Having visited most of the islands of the Caribbean when they were British colonies and since they were granted independence, I am convinced that Grenada, in the far south-east, is the fairest one of all. Its volcanic origin created wonderfully varied landscapes, from mountainous rainforests down to fertile plantations and a palmy littoral, brightened by bougainvillea, hibiscus, jasmine, orchids…. This is where Alec Waugh’s Island in the Sun, a novel about romantic miscegenation, was filmed with scandalous success.
My partner Diana and I came to Grenada this year for the ninth time. I planned to work on a novel and do some painting, but the very first day my typewriter broke down and somehow the tops wouldn’t come off the tubes of acrylics. Diana led the way to the beach. We kept up with news haphazardly, but noticed the 38th Independence Day last month, when Prime Minister Tillman (‘Uncle Tilly’) Thomas’s optimistic rhetoric was rich in metaphors: ‘Stand together, shoulder to shoulder, and with hands to the wheel, let us build together.’ He promised that his followers could ‘leapfrog pitfalls’. He needed all the optimism he could muster, because a general election is not far off, and Grenada is suffering economically. Tourism is down (Britain’s high tax on long-haul aviation is a handicap); unemployment is up to 30 per cent. Taiwan is dunning Grenada for a crippling old debt. Britain has closed its Grenadian consulate, so applicants for visas have to go to Barbados. Grenada is proud of its Arawak-Carib-Franco-British-African heritage. Independence now can feel lonely. The Queen’s portrait adorns the banknotes and coins of the Eastern Caribbean dollar. But it seemed it might be comforting to to have a specific reminder that Grenada is a member of the Commonwealth.

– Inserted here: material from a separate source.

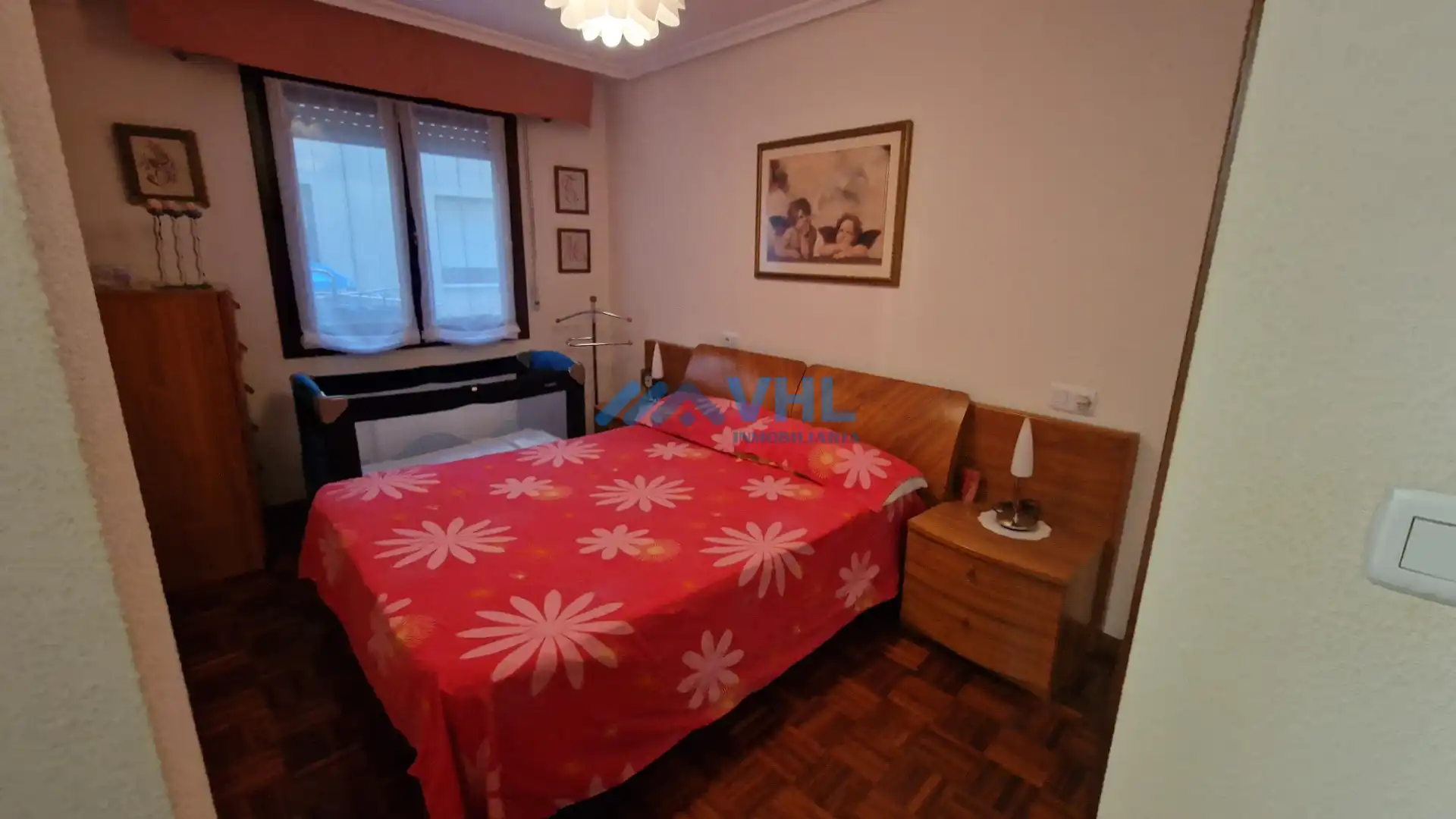 Flat for rent in Calle Leonardo Rucabado, Centro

Then a reminder came. From the breakfast table on our hotel balcony overlooking Grand Anse and part of St George’s, the capital and principal harbour of Grenada, we saw HMS Fort Rosalie, a 23,384-ton Fleet Auxiliary vessel, in the berth usually occupied by one of those enormous cruise ships that look like Miami Beach hotels afloat. The Fort Rosalie can be described as only relatively rakish, but battleship-grey made a welcome change. She brought the royal family’s roving ambassador to the Eastern Caribbean to help a dozen former British colonial islands celebrate his mother’s Diamond Jubilee. HRH Prince Edward, the Earl of Wessex, at the age of 47, was a debonair Bertie-Woosterish figure in a panama hat. He was accompanied by his lissom blonde wife, Princess Sophie (ex-public relations), who was wearing a black and white dress of a pattern resembling first world war dazzle camouflage.

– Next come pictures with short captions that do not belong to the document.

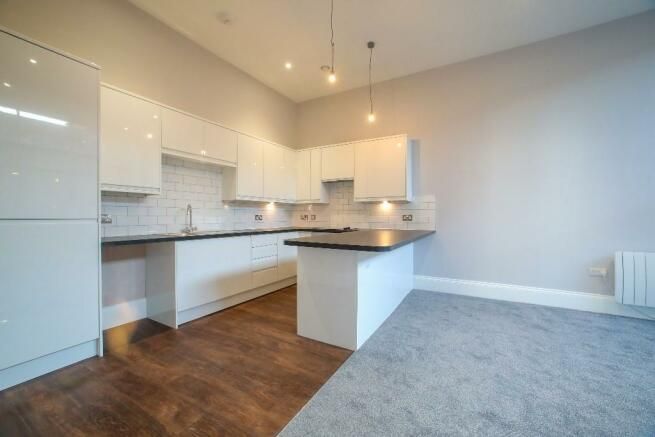 Property photo 2 of 7 85049_Flat1College_Img_02_0000_Max_656x437.Jpg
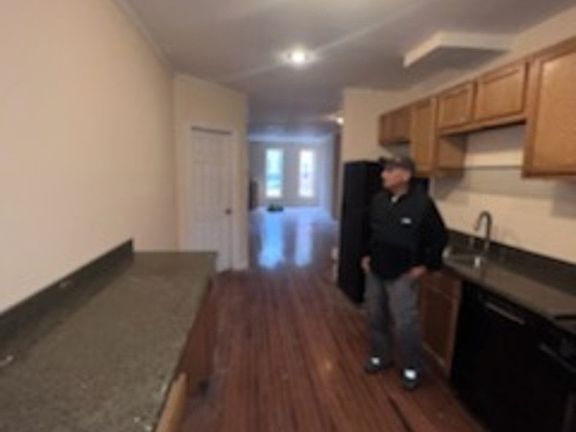 4th image of 1512 Holbrook St #1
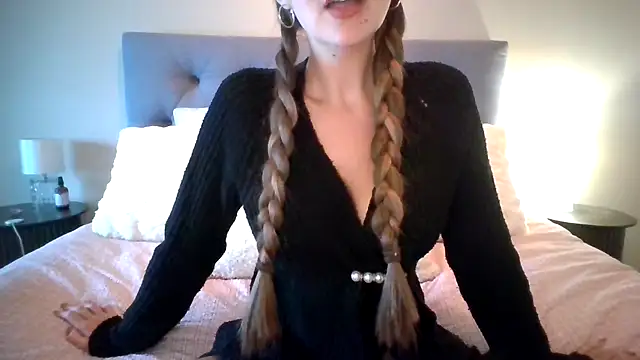Snapshot of TaylorWest62 chatting on 10.21.25 TaylorWest62 online show from 10.21.25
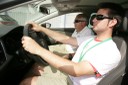 Otro de los afiliados participantes al volante, preparado para arrancar motores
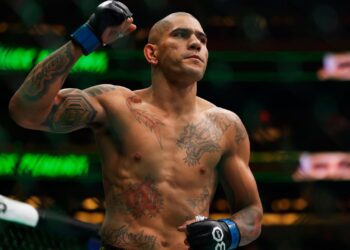Poatan nocauteia Prochazaka e fatura segundo cinturão do UFC (Crédito: Getty Images)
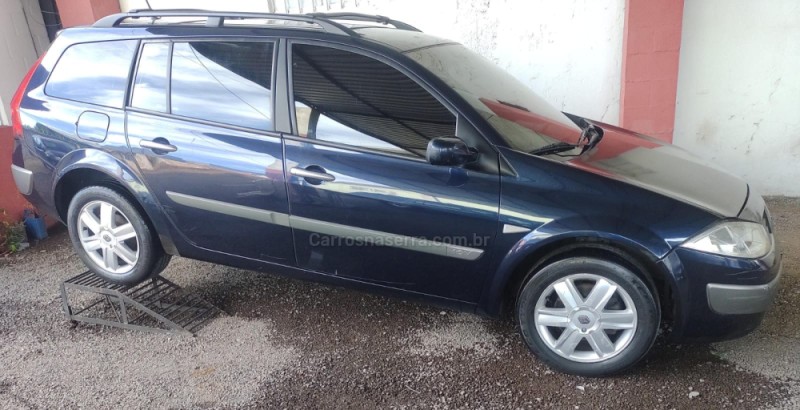 MÉGANE 1.6 DYNAMIQUE GRAND TOUR 16V FLEX 4P MANUAL - 2008 - CAXIAS DO SUL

They attended a rally with music and marching in the National Stadium. He aroused cheers by unveiling a commemorative Jubilee plaque in the Botanical Gardens. They were transported in a motorcade, along country roads lined by children waving red, yellow and green Grenadian flags, to the Laura Herb and Spice Garden deep in St David’s Parish, where, according to an English widow who cultivates cocoa, ‘people are real’. It was in this setting of Ronald Firbank exoticism, in a midday temperature of 82 degrees and a gentle trade wind, that I encountered His Royal Highness. He smiled almost continuously as the director of the garden, Mary Barry, guided him along meandering nutmeg-shell pathways, between close-growing splendid trees and shrubs, and as he planted a symbolic nutmeg sapling in a specially prepared small clearing. The nutmeg embellishes Grenada’s flag. The Ministry of Agriculture had supplied a brand-new spade, which the Prince brandished in athletic poses for local photographers. Afterwards, he and Princess Sophie sipped several tiny cups of variously spiced tea and said how delicious they all were.
I found myself at the end of a line of the garden’s Grenadian employees, standing by a table bearing a large gift basket of spices. The Prince shook hands with each in turn and seemed interested by the answers when he asked, ‘What do you do?’ At last he shook my hand and said the usual few words and remained cordial even when I was bound to admit that in what Cole Porter once called ‘tropical splendour’ I did next to nothing. Sir Carlyle Glean, the amiable, elderly Grenadian governor general, agreed that the visitors were ‘a charming couple’. ‘The Prince,’ he added, ‘is a modern royal who interacts with all sorts of people.’ Whereupon the Prince and Princess joined Sir Carlyle in his official white BMW limousine, slightly behind schedule, and they were rushed by a police escort to the Spice Island Beach Resort, the costliest accommodation on the island, for lunch with Prime Minister Thomas and members of parliament. The resort manager said the luncheon was a state occasion, so the menu was secret, but he was confident that the chef would use nutmeg. ‘For details,’ he told me, ‘you should apply to the PM’s Chief of Protocol.’ However, my seersucker jacket was already damp with sweat, so I was in a hurry to change into swimming trunks. The beach bars serve excellent rum punch.